Sometimes watching Manning reminds me of jazz guitar seminars that I used to attend. The master would teach us that practicing scales was the best method to learn how to improvise. How could this be? we asked. We had come for freedom from the restriction of practice. We wanted to be like Hendrix, to create noise that was free of troublesome scales and key signatures and finger exercises. But he corrected us. The freedom to improvise came after great patience and practice, learning the fundamentals of the theory, disciplining our hands to know when to go where.

This is how Manning plays. He has studied and mastered one of the most complex constructions in all of sports (the Indianapolis Colts’ offensive playbook) and calls his own plays from under the center. Receivers cut and move across a field littered with large men who are aching to destroy him and all he holds dear. Opposing defensive tackles come at him like large boulders down a steep hill. He relies on his steps – leap backwards, and 2-3-4-5, turn, raise arms, twist and pivot, shift weight – the same steps I practiced as a boy, the scales and modes of quarterbacking, and then he improvises. What results is as beautiful as bebop jazz – a man taking a scale and transforming it into a moment by moment experience, pure feel, shared by everyone on the field and every patron in the stands.

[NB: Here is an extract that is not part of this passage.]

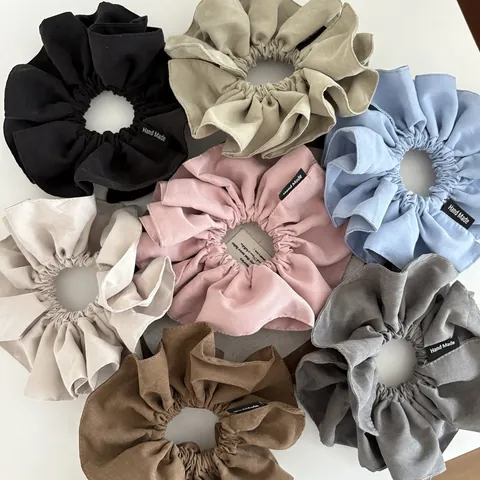 Solid Color Oversized Pleated Fabric Scrunchie Korean Style Elastic Hair Tie With Hand Made Label For Women Accessory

There is music in football; there is choreographed movement. In a single offensive play there are backfield motions, coordinated snap counts, pulling guards, gap blocking, quarterback drops, crossing patterns, button hooks routes, block and release routes, passes, catches, downfield blocks. There are spin moves, swim moves, double fakes, quick draws, pump fakes, cornerback blitzes, and fingertip grabs. For a single play to succeed, eleven very large men must each execute a nimble, powerful and precise maneuver, in unison with each other. And all of this while eleven other men are trying at all odds to destroy their plans with maneuvers of their own, equally complex, varied, precise and physically demanding. If the best quarterbacks and wideouts are dancers and jazz musicians, then the best defensive linemen and linebackers are composers of chaos, as ruthless and jarring as Penderecki’s Threnody. And even they can rise to the level of aesthetic awe, as a defensive back lifts into the air to rupture the unsteady line of a poorly thrown pass. Or the perfectly timed hit, the jarring tackle. It may not be pleasant, but it still it is capable of eliciting something akin to an aesthetic response. The physicist Robert Oppenheimer knew well that there is beauty in destruction. So did Francisco Goya. And yet in football they all get up again, they return to their huddle, they prepare again their composition.

Football, like music, like dance, like much of life, is a study of chaos and disorder that men strive and plan and work to overcome, doing so only in moments, in glimpses of something more. This is a great task, and it often fails. But I take a good measure of joy away every time I watch these men make the attempt.

There is another moment from my youth that sometimes returns. My junior year of high school I moved from quarterback to running back. The quarterback would drop, and follow many of the same steps that I had practiced in the years before, and he would hand me the ball and I would run. Before me, hulking young men did battle over a small stretch of turf, my teammates trying to protect me, and my opponents trying to destroy me. I would wait a moment, and the men doing battle would rage and push at one another and dirt would sail into the air and all was lost in a flurry of chaos before my eyes. And then something happened. A space of clear green grass would magically open before me. Through careful preparation and execution, my teammates had pushed and growled an opening in the line of defense. Moments of chaos and terror lifted before me, and all was open and clear. This was more than good blocking, it was revelation. And so I put my head down, and I trusted the ritual of my steps to guide me. All the drills, the motions, the studies, all of them carried me through that hole in the line. Now to the open field, the lights in my eyes like stained glass windows. In the open field, a composer begins to improvise. It was time to play.